-- DATA EXTRACT follows --

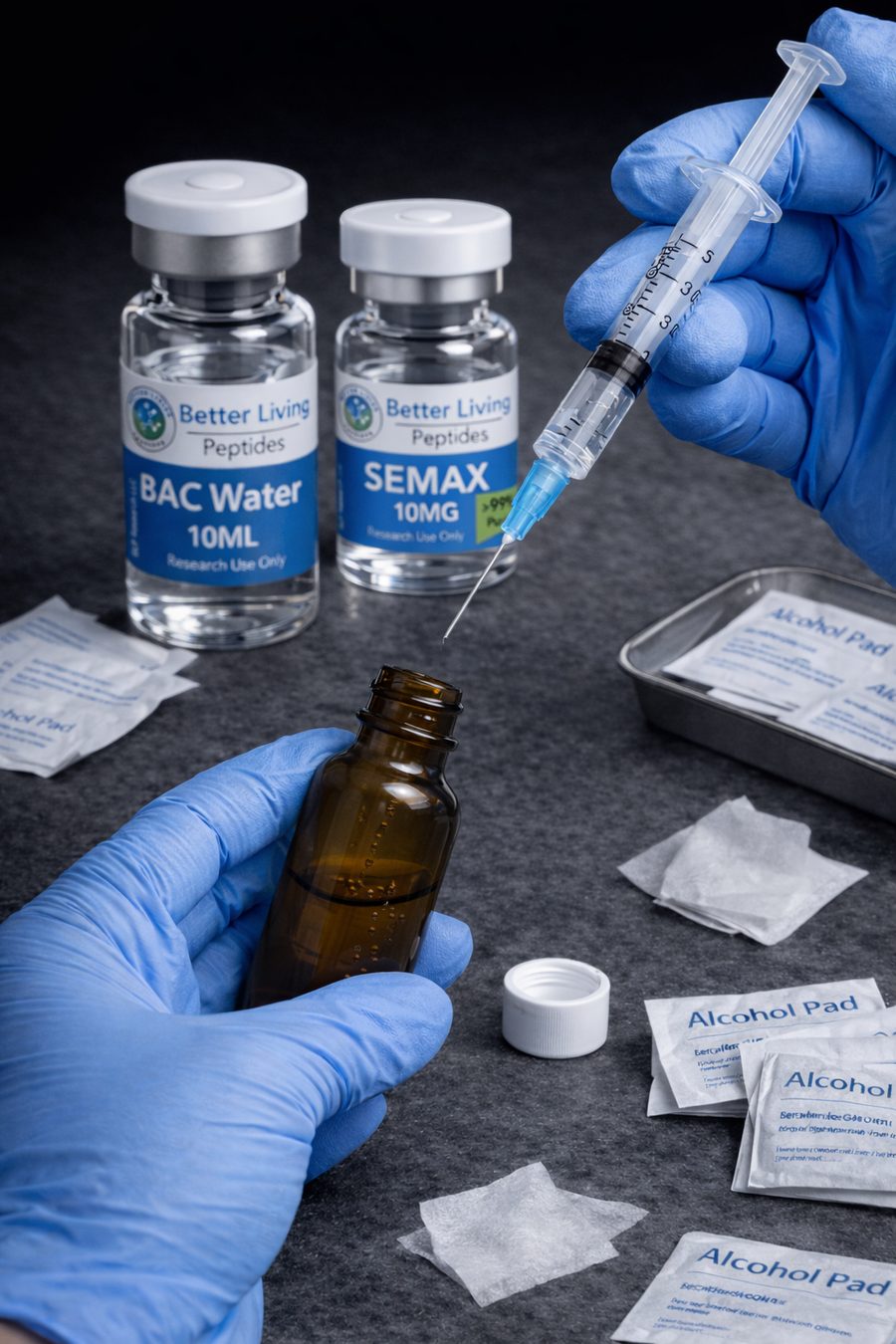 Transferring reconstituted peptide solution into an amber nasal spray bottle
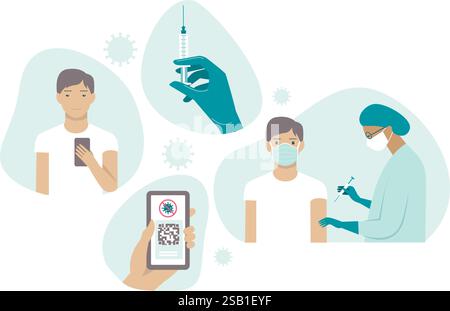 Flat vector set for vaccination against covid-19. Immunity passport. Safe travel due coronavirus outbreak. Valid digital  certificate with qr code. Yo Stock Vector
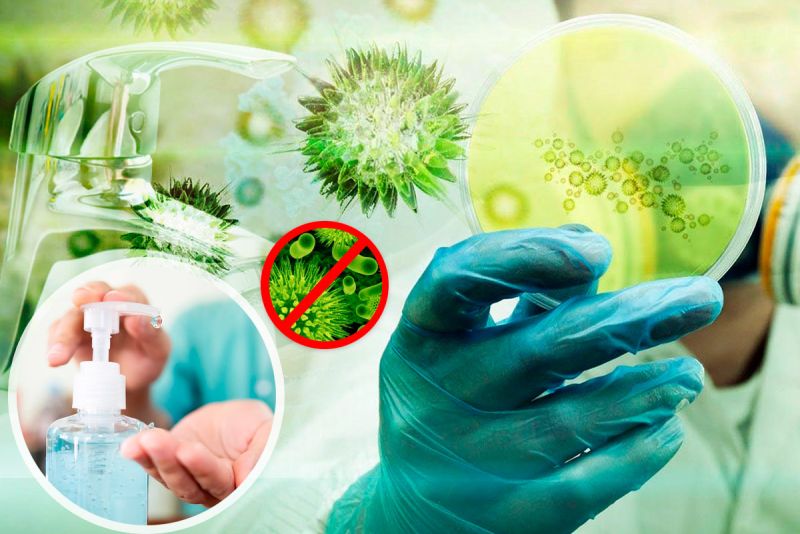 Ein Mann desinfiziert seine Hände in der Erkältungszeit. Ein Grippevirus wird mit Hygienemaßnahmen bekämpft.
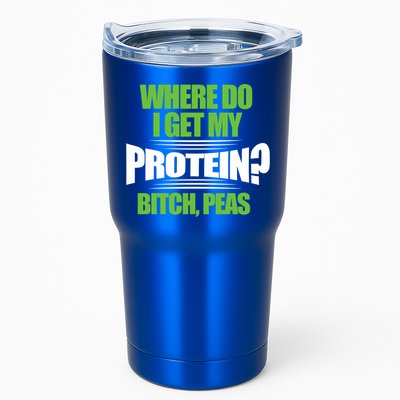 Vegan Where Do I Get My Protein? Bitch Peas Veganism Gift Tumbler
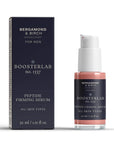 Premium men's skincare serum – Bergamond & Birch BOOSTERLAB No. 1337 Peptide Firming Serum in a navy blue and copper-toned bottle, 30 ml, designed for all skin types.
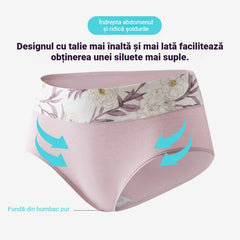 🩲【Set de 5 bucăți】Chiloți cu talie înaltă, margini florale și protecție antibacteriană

-- DATA EXTRACT concluded --

TASK PROMPT = Please set down the lines above word for word and leave out the pictures.

OUTPUT OF THE TASK =
 Transferring reconstituted peptide solution into an amber nasal spray bottle
 Flat vector set for vaccination against covid-19. Immunity passport. Safe travel due coronavirus outbreak. Valid digital  certificate with qr code. Yo Stock Vector
 Ein Mann desinfiziert seine Hände in der Erkältungszeit. Ein Grippevirus wird mit Hygienemaßnahmen bekämpft.
 Vegan Where Do I Get My Protein? Bitch Peas Veganism Gift Tumbler
 Premium men's skincare serum – Bergamond & Birch BOOSTERLAB No. 1337 Peptide Firming Serum in a navy blue and copper-toned bottle, 30 ml, designed for all skin types.
 🩲【Set de 5 bucăți】Chiloți cu talie înaltă, margini florale și protecție antibacteriană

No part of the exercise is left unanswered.